**Aim of the task:** Going down the data below, set down exactly the line with "Red Japanese seigaiha" and each line after it through the line with "Oprawa LED Downlight"; no other lines.

**Extracted data:**
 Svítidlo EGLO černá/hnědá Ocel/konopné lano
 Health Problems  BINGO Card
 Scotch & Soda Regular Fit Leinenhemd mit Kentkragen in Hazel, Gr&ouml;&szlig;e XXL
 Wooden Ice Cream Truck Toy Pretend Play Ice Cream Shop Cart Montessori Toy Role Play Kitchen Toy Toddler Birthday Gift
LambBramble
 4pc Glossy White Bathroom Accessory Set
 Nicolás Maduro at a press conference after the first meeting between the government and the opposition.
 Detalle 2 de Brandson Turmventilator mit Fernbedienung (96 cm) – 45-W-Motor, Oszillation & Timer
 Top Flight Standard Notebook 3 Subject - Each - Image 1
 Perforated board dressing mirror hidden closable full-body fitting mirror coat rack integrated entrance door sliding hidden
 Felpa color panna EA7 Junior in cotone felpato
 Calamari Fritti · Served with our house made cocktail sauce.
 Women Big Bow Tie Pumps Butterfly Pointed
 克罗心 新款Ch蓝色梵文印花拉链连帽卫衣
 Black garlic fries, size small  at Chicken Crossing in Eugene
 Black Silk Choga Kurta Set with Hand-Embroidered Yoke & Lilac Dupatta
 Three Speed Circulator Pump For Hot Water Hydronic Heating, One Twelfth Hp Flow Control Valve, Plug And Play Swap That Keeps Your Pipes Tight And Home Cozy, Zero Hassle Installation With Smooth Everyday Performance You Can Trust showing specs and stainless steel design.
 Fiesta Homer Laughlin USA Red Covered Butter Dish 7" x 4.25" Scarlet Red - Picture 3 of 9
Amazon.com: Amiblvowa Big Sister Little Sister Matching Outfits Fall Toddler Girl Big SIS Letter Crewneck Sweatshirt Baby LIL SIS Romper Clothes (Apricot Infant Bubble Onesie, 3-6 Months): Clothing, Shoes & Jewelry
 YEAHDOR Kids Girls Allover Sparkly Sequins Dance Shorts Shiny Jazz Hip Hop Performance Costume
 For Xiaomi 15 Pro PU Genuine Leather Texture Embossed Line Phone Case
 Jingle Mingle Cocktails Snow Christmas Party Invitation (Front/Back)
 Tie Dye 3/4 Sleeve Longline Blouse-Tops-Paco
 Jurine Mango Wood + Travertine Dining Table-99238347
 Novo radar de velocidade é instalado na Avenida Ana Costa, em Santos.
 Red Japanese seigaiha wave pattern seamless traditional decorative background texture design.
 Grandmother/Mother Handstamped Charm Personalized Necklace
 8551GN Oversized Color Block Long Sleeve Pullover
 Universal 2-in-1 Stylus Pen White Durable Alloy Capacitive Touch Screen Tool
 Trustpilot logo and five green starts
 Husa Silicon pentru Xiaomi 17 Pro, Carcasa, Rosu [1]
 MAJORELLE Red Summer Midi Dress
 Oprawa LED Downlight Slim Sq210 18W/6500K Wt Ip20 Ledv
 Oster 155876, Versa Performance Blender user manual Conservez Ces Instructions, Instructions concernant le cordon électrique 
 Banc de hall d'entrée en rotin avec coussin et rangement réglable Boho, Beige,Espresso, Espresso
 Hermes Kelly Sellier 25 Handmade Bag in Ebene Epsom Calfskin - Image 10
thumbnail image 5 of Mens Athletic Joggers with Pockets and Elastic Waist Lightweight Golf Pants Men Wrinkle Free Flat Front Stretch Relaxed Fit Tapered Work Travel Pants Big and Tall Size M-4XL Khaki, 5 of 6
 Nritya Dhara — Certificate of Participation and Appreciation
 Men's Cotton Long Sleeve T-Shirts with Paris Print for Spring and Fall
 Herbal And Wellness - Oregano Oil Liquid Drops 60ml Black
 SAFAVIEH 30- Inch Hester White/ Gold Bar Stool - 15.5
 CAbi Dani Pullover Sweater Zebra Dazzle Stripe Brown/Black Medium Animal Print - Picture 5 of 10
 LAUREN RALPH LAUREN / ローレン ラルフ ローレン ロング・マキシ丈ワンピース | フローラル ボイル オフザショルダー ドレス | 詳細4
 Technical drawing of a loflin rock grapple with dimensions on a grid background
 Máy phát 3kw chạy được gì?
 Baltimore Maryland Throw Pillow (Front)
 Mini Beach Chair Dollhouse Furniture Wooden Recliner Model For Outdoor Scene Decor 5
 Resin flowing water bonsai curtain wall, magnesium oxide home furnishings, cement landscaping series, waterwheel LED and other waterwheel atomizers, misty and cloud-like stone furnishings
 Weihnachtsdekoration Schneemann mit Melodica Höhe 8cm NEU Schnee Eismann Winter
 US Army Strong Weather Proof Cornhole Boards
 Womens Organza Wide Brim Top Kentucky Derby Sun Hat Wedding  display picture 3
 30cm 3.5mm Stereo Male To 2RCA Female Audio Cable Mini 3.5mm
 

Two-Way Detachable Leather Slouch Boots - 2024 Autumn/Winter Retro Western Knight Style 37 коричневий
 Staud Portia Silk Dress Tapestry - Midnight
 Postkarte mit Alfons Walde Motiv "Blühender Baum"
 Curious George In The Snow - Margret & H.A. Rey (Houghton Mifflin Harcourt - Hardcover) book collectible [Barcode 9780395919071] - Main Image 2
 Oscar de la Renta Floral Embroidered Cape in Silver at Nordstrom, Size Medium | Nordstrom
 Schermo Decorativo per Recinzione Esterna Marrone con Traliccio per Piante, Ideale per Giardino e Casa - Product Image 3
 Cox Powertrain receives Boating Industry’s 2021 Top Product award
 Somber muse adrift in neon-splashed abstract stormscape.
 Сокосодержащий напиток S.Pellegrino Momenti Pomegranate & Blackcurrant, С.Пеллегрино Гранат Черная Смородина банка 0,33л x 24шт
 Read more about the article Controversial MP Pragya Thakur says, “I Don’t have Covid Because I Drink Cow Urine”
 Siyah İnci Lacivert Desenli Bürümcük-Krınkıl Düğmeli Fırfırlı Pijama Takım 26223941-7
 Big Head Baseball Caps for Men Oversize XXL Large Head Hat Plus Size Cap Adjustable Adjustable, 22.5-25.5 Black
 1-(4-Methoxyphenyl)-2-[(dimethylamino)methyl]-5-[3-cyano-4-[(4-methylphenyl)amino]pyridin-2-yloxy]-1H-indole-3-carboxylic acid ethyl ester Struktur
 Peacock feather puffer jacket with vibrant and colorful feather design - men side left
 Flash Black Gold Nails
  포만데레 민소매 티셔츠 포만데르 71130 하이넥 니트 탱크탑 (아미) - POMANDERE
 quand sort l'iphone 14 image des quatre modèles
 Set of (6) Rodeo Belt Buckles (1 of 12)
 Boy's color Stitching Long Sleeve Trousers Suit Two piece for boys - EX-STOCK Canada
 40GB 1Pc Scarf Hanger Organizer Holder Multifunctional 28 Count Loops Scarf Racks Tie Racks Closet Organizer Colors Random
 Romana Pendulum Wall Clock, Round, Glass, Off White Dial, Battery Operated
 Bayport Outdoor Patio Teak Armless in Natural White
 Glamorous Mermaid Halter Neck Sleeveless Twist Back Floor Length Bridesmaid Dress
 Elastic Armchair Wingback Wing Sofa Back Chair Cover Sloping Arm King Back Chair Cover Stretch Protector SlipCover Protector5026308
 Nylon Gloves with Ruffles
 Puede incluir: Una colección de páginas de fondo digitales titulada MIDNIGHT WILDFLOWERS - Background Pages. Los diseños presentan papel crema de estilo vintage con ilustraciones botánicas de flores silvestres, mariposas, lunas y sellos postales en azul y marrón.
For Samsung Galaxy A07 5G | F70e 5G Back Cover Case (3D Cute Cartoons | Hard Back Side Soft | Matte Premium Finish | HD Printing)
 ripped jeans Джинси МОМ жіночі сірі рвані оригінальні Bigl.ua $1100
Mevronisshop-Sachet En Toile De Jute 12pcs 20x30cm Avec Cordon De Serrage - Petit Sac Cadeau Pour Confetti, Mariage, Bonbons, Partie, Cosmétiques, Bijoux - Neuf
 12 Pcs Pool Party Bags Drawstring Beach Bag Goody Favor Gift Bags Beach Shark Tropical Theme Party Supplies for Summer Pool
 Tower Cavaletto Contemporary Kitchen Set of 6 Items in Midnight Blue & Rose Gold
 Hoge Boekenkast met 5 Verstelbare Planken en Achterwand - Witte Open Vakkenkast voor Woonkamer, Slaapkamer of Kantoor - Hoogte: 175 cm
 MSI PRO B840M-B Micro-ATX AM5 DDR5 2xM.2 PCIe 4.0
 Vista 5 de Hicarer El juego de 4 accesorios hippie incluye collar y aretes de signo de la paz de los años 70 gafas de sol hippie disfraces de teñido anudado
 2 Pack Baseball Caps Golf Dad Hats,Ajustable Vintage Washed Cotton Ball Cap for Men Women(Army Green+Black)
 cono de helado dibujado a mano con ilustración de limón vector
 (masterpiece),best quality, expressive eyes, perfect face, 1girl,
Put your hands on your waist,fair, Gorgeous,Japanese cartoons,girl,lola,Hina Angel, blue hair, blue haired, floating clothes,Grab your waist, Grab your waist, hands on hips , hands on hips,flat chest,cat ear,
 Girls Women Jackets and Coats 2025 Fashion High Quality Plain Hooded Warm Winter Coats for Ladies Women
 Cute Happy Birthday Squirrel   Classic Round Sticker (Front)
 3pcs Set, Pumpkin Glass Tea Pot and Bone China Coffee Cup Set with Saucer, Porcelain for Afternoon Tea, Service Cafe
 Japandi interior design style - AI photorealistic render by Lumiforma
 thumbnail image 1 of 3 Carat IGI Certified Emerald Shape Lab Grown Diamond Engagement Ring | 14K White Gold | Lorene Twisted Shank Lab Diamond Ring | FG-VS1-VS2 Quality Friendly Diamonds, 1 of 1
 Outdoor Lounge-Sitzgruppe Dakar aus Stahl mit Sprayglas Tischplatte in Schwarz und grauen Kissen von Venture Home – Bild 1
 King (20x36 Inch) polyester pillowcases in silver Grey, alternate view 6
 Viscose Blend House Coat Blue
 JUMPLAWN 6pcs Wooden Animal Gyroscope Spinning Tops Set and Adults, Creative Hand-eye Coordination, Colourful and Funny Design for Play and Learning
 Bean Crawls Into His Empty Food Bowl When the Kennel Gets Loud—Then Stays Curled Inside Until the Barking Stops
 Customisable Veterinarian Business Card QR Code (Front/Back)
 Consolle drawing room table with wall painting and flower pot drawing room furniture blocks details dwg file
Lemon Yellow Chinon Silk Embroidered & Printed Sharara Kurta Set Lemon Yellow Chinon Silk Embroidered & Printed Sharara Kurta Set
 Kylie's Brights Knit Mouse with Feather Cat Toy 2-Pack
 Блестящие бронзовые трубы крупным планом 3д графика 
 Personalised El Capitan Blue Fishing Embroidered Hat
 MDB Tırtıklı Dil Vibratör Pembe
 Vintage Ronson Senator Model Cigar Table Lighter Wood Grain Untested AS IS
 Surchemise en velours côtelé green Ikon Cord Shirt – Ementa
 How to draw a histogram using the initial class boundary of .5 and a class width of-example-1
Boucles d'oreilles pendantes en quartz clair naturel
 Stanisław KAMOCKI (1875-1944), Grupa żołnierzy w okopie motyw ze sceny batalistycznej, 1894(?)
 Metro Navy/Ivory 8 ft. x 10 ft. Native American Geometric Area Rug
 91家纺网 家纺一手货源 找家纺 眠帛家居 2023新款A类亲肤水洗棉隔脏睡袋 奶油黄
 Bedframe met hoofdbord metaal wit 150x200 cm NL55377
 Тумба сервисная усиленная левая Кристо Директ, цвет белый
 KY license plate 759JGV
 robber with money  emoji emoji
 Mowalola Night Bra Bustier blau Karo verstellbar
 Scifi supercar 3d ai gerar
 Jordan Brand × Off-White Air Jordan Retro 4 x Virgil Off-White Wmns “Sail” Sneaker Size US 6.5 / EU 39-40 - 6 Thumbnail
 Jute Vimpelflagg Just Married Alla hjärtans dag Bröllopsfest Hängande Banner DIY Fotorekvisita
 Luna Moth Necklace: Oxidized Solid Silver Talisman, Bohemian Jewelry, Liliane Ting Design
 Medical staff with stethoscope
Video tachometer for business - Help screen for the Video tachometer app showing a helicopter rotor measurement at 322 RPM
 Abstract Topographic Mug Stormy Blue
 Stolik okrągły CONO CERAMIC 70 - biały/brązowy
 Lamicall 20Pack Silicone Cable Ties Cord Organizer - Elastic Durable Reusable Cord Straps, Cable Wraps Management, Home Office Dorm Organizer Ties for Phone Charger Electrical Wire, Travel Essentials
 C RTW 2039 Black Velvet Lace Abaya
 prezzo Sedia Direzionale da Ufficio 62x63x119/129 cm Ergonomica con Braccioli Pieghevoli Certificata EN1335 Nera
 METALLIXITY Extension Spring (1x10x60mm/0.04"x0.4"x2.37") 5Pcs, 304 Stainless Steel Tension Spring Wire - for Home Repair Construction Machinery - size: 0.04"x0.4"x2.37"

**Response area:**
 Red Japanese seigaiha wave pattern seamless traditional decorative background texture design.
 Grandmother/Mother Handstamped Charm Personalized Necklace
 8551GN Oversized Color Block Long Sleeve Pullover
 Universal 2-in-1 Stylus Pen White Durable Alloy Capacitive Touch Screen Tool
 Trustpilot logo and five green starts
 Husa Silicon pentru Xiaomi 17 Pro, Carcasa, Rosu [1]
 MAJORELLE Red Summer Midi Dress
 Oprawa LED Downlight Slim Sq210 18W/6500K Wt Ip20 Ledv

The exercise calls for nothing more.